Per chiamarci non basta una parola sola, Emilia-Romagna, emiliano-romagnoli, ce ne vogliono almeno due, e anche un trattino per unirle, e poi comunque non bastano. Perché siamo tante cose, tutte insieme, tutte diverse.

Un inverno continentale, con un freddo che ghiaccia il respiro e un’estate tropicale che scioglie la testa e a volte tutto insieme, come dice Pier Paolo Pasolini, “l’inverno col sole e la neve”.

Pianure che si perdono piatte all’orizzonte e montagne tra le più alte d’Italia, la terra e l’acqua che si fondono alle foci dei fiumi in un paesaggio che sembra di essere alla fine del mondo, città d’arte e distretti industriali, le spiagge delle riviere che pulsano sia di giorno che di notte, e spesso soltanto una strada o una ferrovia a separarli.

E noi le viviamo tutte, queste cose, nello stesso momento, perché siamo gente che “lavora a Bologna, dorme a Modena e va a ballare a Rimini” -come diceva Pier Vittorio Tondelli - e ci sembra comunque la stessa città, che si chiama Emilia Romagna.

Siamo tante cose, tutte diverse e tutte insieme.

Per esempio siamo una regione nel cuore dell’Italia - quasi al centro dell’Italia – eppure siamo una regione di frontiera.

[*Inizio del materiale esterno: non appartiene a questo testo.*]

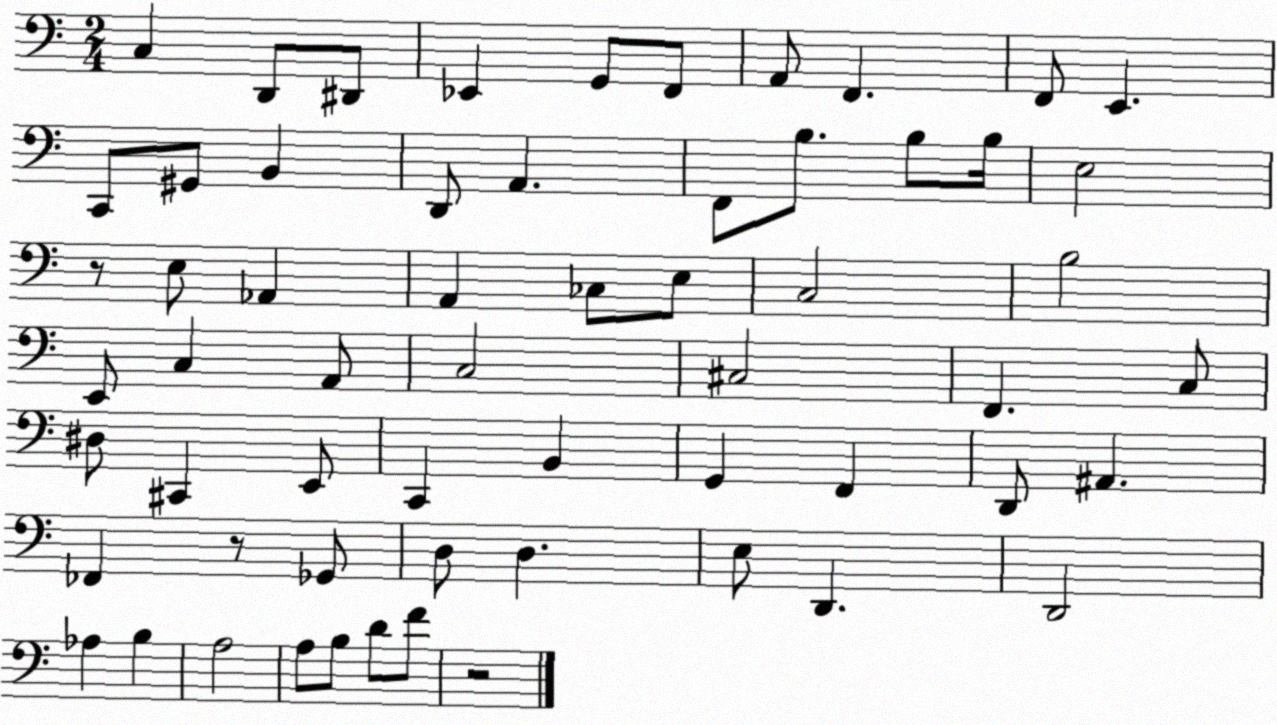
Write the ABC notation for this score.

X:1
T:Untitled
M:2/4
L:1/4
K:C
C, D,,/2 ^D,,/2 _E,, G,,/2 F,,/2 A,,/2 F,, F,,/2 E,, C,,/2 ^G,,/2 B,, D,,/2 A,, F,,/2 B,/2 B,/2 B,/4 E,2 z/2 E,/2 _A,, A,, _C,/2 E,/2 C,2 B,2 E,,/2 C, A,,/2 C,2 ^C,2 F,, C,/2 ^D,/2 ^C,, E,,/2 C,, B,, G,, F,, D,,/2 ^A,, _F,, z/2 _G,,/2 D,/2 D, E,/2 D,, D,,2 _A, B, A,2 A,/2 B,/2 D/2 F/2 z2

Siamo anche noi un “trattino”, una cerniera tra il Nord e il Sud, e se da nord a sud vuoi andare devi passare di qui, dall’Emilia-Romagna, che come succede a tutte le frontiere qualcosa da e qualcosa prende a chi passa e soprattutto a chi resta, perché qui ci è venuto a studiare, a lavorare o anche solo a divertirsi, ma poi ha deciso di viverci su questa terra che non è soltanto un luogo, un posto fisico in cui stare, ma soprattutto un modo di fare e di vedere le cose.

Perché, per esempio, qui la terra prende forma e diventa vasi e piastrelle, la campagna diventa prodotto, anche la notte, il mare e il divertimento diventano industria, 

qui si fa, veloci e diretti come le strade che attraversano la regione, così dritte che sembrano tirate col righello, e si fa per avere, certo, anche per essere, ma si fa soprattutto per stare: per stare meglio.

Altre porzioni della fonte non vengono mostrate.